Every time, we begin with gloves to try and protect our hands, each time we discard them. Guess there are some things you just don't remember as jobs like this are infrequent!

As autumn is already here and winter will soon be coming, we like to begin batch cooking. By jigging around the drawers, we have managed to get ourselves just about one of them empty.

Go on, I know you want to know - herewith said list. It became blurred when I shrank it so sorry about that.

Friday 27 September 2013

Kitchen Days Part 3

First of all, welcome to my new follower the womble.

Another autumn day finds me in the kitchen once again. This time, making a Green Tomato and Apple Pie courtesy of here

There are many recipes on the internet for this but thought I would give this one a try as I have used many of their recipes before. I did cut down the sugar though as 1/2lb, using sweet apples, would have been too much. With hindsight, I would use 170 - 180C rather than the stated 200C, as 50 - 60 minutes at that temperature, the pie most certainly would have burnt if I had left it in for that long!

Anyway, herewith some photographs as I was making it.  The tomatoes are meant to be skinned but although I have success using the hot water method to skin ripe tomatoes, it didn't work with green and I had to use a peeler - very fiddly!
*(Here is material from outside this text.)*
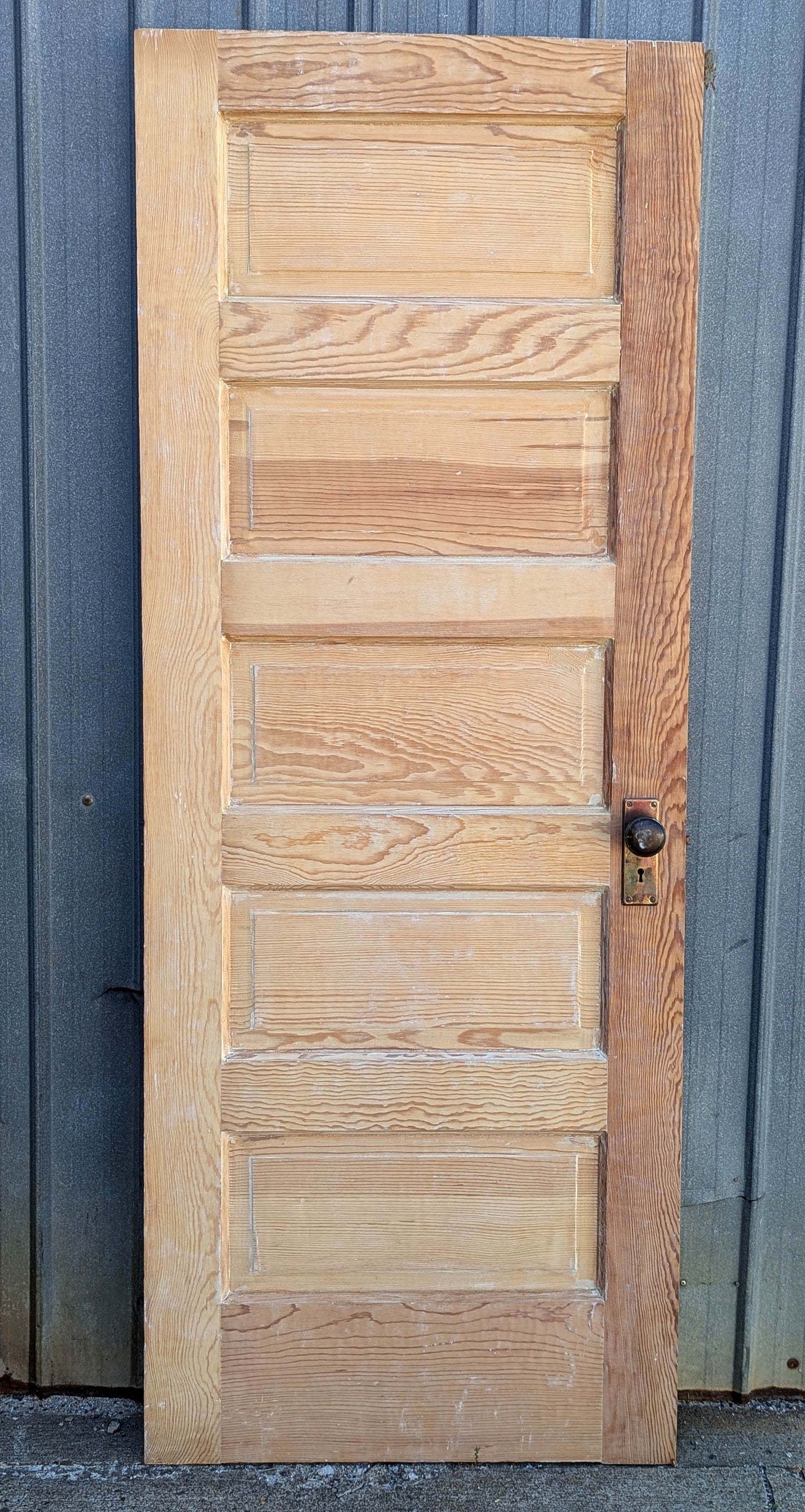 2 available 30"x77.5" STRIPPED Antique Vintage Old Reclaimed Salvaged Interior SOLID Wood Wooden Room Doors 5 Raised Ladder Panels Hardware Lockset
This is after slicing and adding all ingredients except the butter.
Here is everything, except the butter, on top of the base pie crust. You can see by the shiny appearance that more juice is coming out.
Once filled, this was the spare juice. Again, with hindsight, I think it all should be left to drip for longer to get as much juice out as possible. It might even be worth salting the tomatoes overnight to dry out their juices BUT I have no idea if doing so, whether it would make them more chewy or not.
Top pie crust on - oops, forgot the butter, ah well!!
I used some of the left over juice on the top crust.
Here it is after baking for 40 minutes at 190C - my choice as it was browning a little too quick. There was more juice in the bottom despite adding the requisite flour to help soak it up - but it was more sauce like. I really don't think it was cooked for long enough as there is still quite a bite to the tomatoes.
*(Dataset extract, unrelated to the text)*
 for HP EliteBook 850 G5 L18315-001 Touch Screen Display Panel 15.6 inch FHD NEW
Anyway, we had a quarter each with custard for our lunch!
Would I make it again. I don't think so. To me it seems a waste of good quality eating apples. Both those and the tomatoes were chewy, not a texture we like in apple pies. So in retrospect, I'll stick to the British apple pie and use my green tomatoes up in something else!

Anyway, we had a little left over pastry and managed with a couple of re-rolls, to make 9 jam tarts which were filled with home made gooseberry and blackcurrant jam.

Thursday 26 September 2013

Finally, our autumn and winter preparations are coming together...

Our long awaited and slightly overdue load of logs arrived, 2 cubic metres of hardwood, for £150. For us, that is a good deal as it varies anywhere up to £225 for the same amount. This had no delivery charge so that also helps.

Last year, the bulk of the delivery was of logs cut almost perfectly to fit our small stove. This time, only around a quarter of it was the correct size. DB says he will have to spend many Saturdays (don't know why he has chosen that particular day), cutting them in half or splitting the thicker ones down the middle.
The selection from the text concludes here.